Property Tax will net an annual charge of between €250 and €400 per household from next year.
In a quarterly report on Ireland due out today, the IMF will caution the Government about potential delays rolling out the tax.
Taoiseach Enda Kenny has told his Cabinet of the amounts and that he wants details of the tax announced soon, The Sunday Times said. The tax will replace the €100 household charge and is likely to be pitched at between 0.2% and 0.25% of the value of a house, it added.
The Examiner reported that A spokesman for Mr Kenny said the only decision taken on the tax so far was that Revenue would collect it.
The Socialist Party said that a tax of €400 was just a starting point and it would “rise relentlessly each year, like refuse and other charges”.
Sinn Féin said Mr Kenny’s assurance gave little comfort to families already struggling with cuts and charges.
The Irish Examiner has also learned that over €7m in household charges paid by property owners is being used to finance the agency collecting the levy, despite communities facing cuts to services and facilities.

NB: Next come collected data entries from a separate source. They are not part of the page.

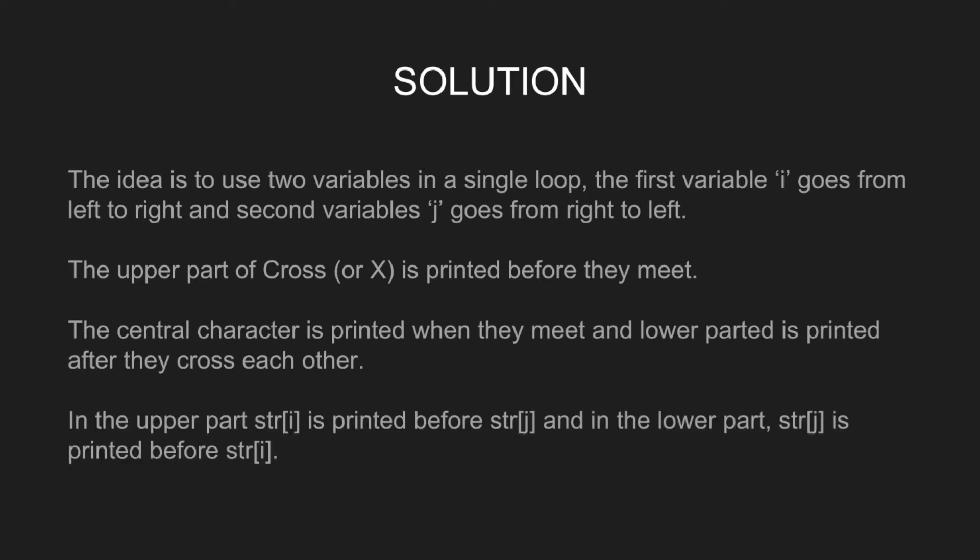In the upper part, string i is printed before string j, and in the lower part, string j is printed before string i.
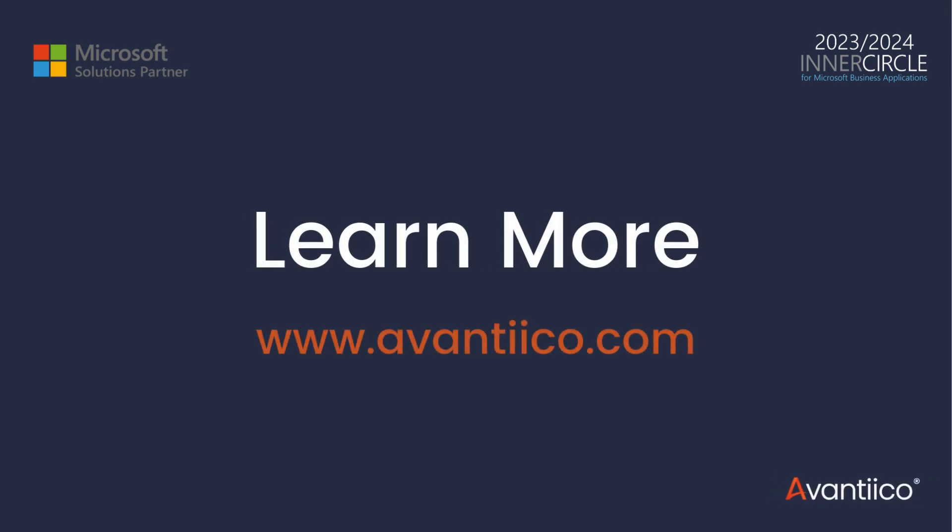So with that we are at the end of this demonstration. This demo highlights the streamlined approval process for free text invoices and credit notes in Dynamics 365 F&O using Power Automate. Some of the key benefits include cost savings by eliminating the need for D365 F&O licenses for approvers, a unified workflow for both invoices and credit notes reducing complexity and maintenance efforts, enhanced efficiency and traceability in the approval process, and increased flexibility with customizable workflows that adapt to business specific requirements. Thank you for your time and I look forward to any questions you may have.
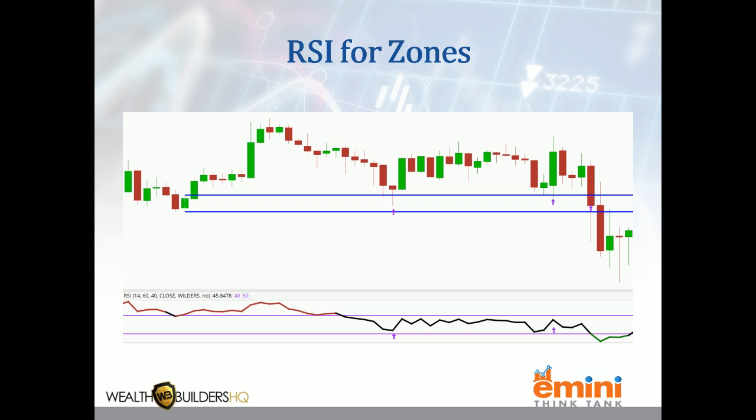However, the third time down to the zone, you can see the big red candle forming — we eventually were breaking below 40 as we were coming into that zone. And sure enough, the zone did not hold. So whenever the RSI is below 40 while prices are at a buy zone, do not buy. The zone is a lie.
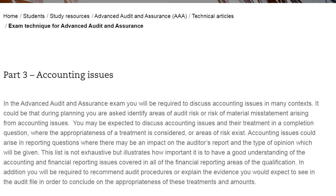Welcome to the technical article downloaded from Advanced Auditing and Assurance from ACCA, the Association for Chartered Certified Accountancy Exams. This technical article will guide you on accounting issues and their risk treatments, and how they impact the financial statements. In the Advanced Auditing and Assurance exam, you will be required to discuss accounting issues in many contexts.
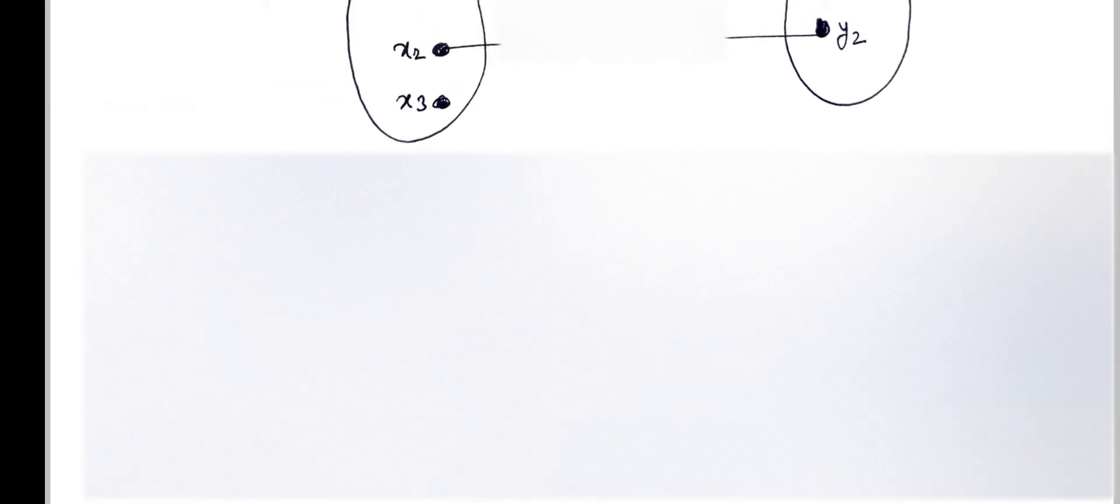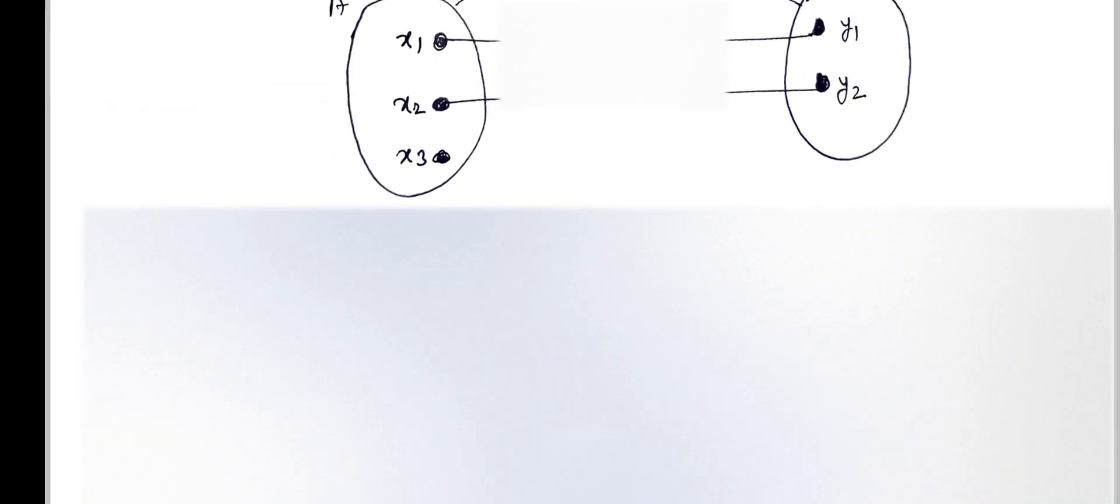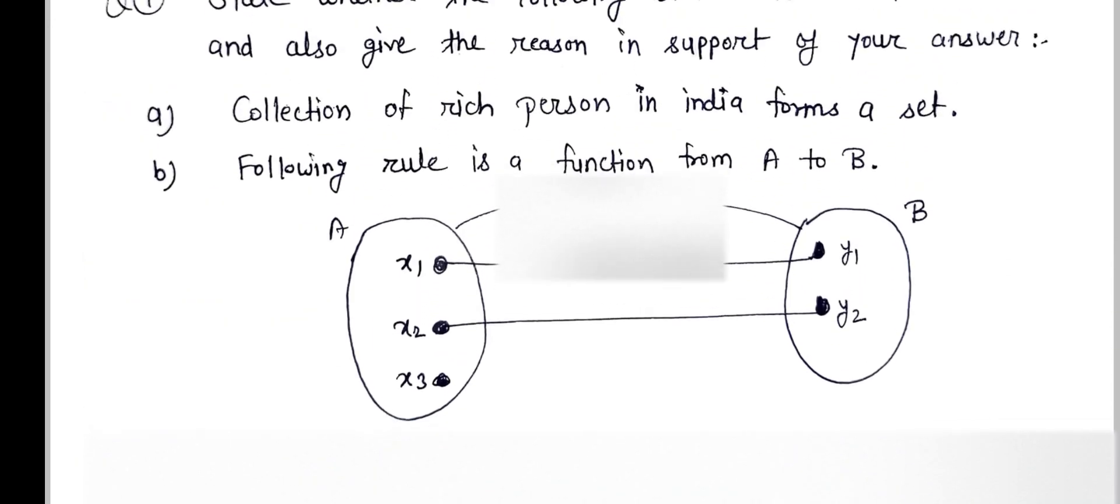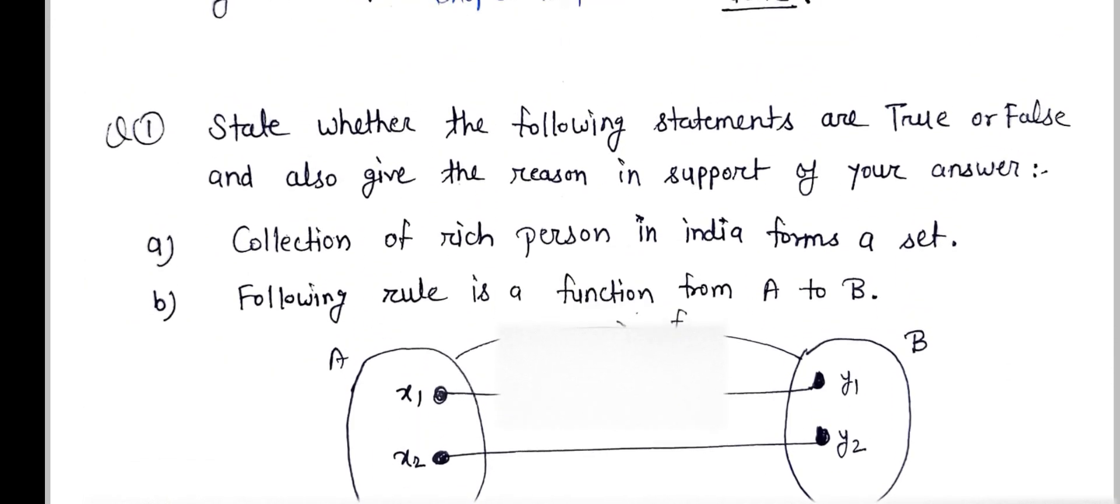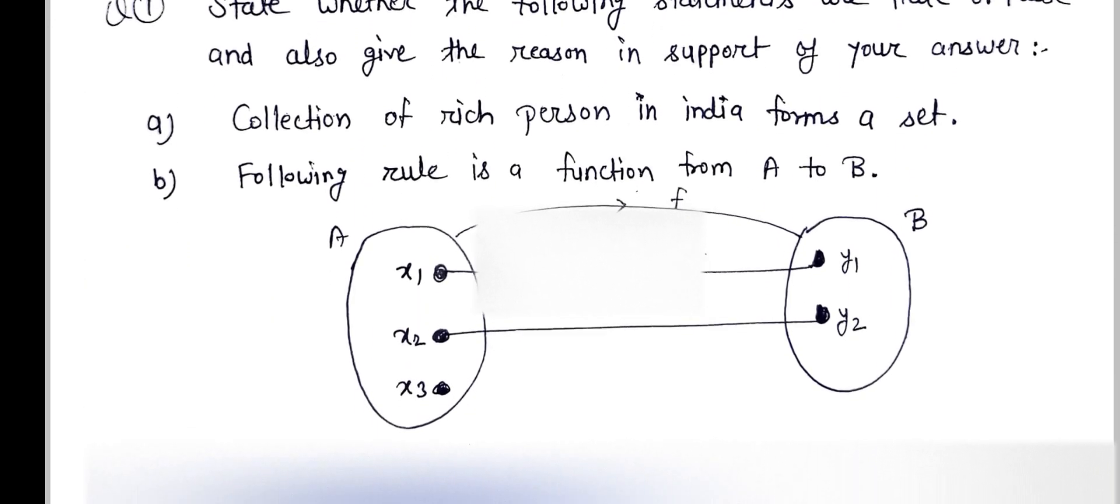According to set theory, if we have a defined number of objects, it means that if we have, suppose, a hundred people in our population, we can say this is a set. But the rich people of India cannot be defined because we cannot count rich people in our India. This is not a set.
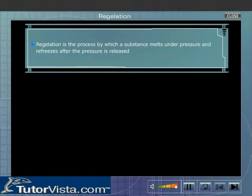Regelation is the process by which a substance melts under pressure and refreezes after the pressure is released. The demonstration given here will help you understand the concept of regelation.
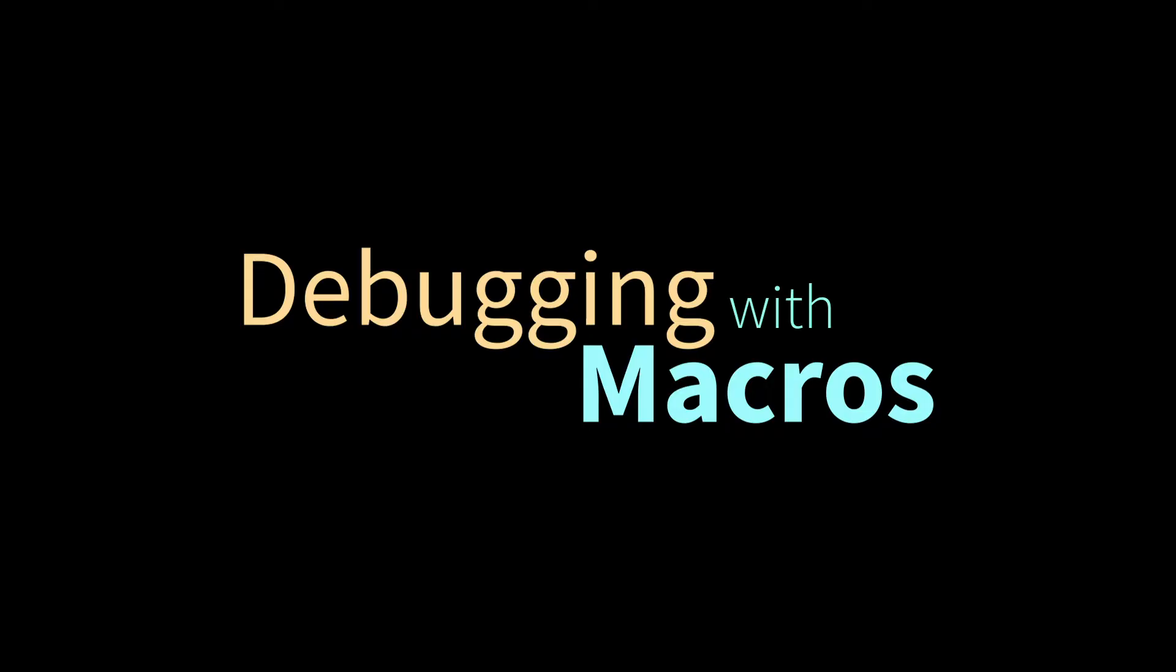Hi everybody, today we're debugging with macros. So I've got a little more time, and I wanted to do another quick debugging video. I've been doing a bunch of those lately.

The millions of euro — equating to charges paid on about 72,000 properties — are being deducted from charges collected in order to pay for staff, the household charge database, and other administration costs mounting up for the Local Government Management Agency.
The IMF report today is expected to call for an early deal on restructuring part of the €64bn in debt related to the bank bailout.
Central Bank governor Patrick Honohan yesterday said that the Government’s talks with the EU to secure funding to support the bailout of Anglo Irish Bank were not difficult and the country should get a lot.
Mr Honohan said that time was on Ireland’s side and the final outcome would come after the European Commission dealt with the problems of Spain.
However, Leo Varadkar, the transport minister, said that it may be “difficult” to achieve any deal before an October deadline, originally set by the ECB.
Michael Noonan, the finance minister, will hold talks with his counterparts in Paris, Berlin, Rome, and Nicosia this week on the debt.
His spokesman last night said there was no “anticipation of a significant announcement this week”.
He added: “A timeline is set out and we’re working towards it.”
The spokesman also stressed that today’s IMF report was entirely separate to Ireland’s bailout and was a “strategic review” of Ireland, as well as other programme countries.